**THE TASK:** Output only the lines below that start at the line containing "Photographer with new mom posed in white" and end at the line containing "Hand holding a short", with both ends kept.

Crawled caption data
= Beginning of Section =

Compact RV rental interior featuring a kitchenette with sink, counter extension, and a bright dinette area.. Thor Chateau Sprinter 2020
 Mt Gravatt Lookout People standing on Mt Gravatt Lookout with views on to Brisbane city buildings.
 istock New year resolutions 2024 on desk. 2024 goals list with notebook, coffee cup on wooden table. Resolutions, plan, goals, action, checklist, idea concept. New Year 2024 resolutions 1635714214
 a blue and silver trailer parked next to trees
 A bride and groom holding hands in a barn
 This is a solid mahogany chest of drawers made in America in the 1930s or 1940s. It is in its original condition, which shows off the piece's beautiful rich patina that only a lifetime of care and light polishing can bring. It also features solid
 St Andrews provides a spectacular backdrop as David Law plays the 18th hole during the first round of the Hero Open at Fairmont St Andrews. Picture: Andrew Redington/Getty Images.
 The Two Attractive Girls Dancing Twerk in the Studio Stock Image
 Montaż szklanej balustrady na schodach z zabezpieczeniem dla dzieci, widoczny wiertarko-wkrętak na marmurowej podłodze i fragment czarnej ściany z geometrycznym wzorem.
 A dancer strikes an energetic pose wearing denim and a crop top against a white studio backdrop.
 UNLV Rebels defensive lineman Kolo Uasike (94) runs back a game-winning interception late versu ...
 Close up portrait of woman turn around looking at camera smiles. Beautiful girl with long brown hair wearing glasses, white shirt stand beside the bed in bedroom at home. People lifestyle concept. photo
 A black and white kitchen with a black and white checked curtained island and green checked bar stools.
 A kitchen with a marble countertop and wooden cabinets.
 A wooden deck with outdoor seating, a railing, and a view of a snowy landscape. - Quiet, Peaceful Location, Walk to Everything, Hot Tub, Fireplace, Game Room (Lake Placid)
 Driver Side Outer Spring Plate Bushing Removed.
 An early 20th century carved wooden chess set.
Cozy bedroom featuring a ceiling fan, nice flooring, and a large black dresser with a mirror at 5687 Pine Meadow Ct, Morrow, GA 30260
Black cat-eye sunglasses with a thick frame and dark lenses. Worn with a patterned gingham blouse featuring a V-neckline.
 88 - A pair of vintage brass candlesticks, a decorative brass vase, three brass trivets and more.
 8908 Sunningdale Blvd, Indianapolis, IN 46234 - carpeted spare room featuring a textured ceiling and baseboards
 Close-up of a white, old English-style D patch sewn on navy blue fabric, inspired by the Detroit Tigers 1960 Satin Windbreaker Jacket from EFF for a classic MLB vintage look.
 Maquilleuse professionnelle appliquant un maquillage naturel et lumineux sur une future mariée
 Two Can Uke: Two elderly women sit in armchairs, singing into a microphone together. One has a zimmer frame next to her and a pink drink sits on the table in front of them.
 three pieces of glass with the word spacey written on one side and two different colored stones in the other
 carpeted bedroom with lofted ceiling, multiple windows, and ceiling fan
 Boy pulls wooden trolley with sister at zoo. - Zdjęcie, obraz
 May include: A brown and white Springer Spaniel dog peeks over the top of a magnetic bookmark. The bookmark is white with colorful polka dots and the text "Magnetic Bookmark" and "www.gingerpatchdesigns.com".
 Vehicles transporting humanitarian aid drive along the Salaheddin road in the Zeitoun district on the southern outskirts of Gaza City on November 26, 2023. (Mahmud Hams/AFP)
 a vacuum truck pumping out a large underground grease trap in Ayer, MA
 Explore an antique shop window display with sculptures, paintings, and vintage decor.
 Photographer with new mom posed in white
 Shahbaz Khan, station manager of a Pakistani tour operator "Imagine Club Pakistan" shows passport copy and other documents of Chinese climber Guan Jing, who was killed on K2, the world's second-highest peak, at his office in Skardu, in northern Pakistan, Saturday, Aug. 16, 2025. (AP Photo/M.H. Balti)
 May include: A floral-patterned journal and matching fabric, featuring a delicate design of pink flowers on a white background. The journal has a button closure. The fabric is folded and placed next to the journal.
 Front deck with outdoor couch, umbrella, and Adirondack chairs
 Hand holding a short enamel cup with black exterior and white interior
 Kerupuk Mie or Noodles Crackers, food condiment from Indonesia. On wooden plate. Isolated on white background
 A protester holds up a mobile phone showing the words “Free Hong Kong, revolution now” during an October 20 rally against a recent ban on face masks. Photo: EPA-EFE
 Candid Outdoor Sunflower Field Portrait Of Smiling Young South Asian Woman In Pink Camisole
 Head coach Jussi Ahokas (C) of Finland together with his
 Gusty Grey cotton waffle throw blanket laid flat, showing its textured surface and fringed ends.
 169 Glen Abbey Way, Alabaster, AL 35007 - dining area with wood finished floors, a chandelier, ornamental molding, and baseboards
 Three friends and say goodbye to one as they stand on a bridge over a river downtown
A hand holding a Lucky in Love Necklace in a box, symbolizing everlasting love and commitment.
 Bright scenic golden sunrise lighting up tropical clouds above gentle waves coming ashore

= End of Section =

**WRITTEN RESPONSE:**
 Photographer with new mom posed in white
 Shahbaz Khan, station manager of a Pakistani tour operator "Imagine Club Pakistan" shows passport copy and other documents of Chinese climber Guan Jing, who was killed on K2, the world's second-highest peak, at his office in Skardu, in northern Pakistan, Saturday, Aug. 16, 2025. (AP Photo/M.H. Balti)
 May include: A floral-patterned journal and matching fabric, featuring a delicate design of pink flowers on a white background. The journal has a button closure. The fabric is folded and placed next to the journal.
 Front deck with outdoor couch, umbrella, and Adirondack chairs
 Hand holding a short enamel cup with black exterior and white interior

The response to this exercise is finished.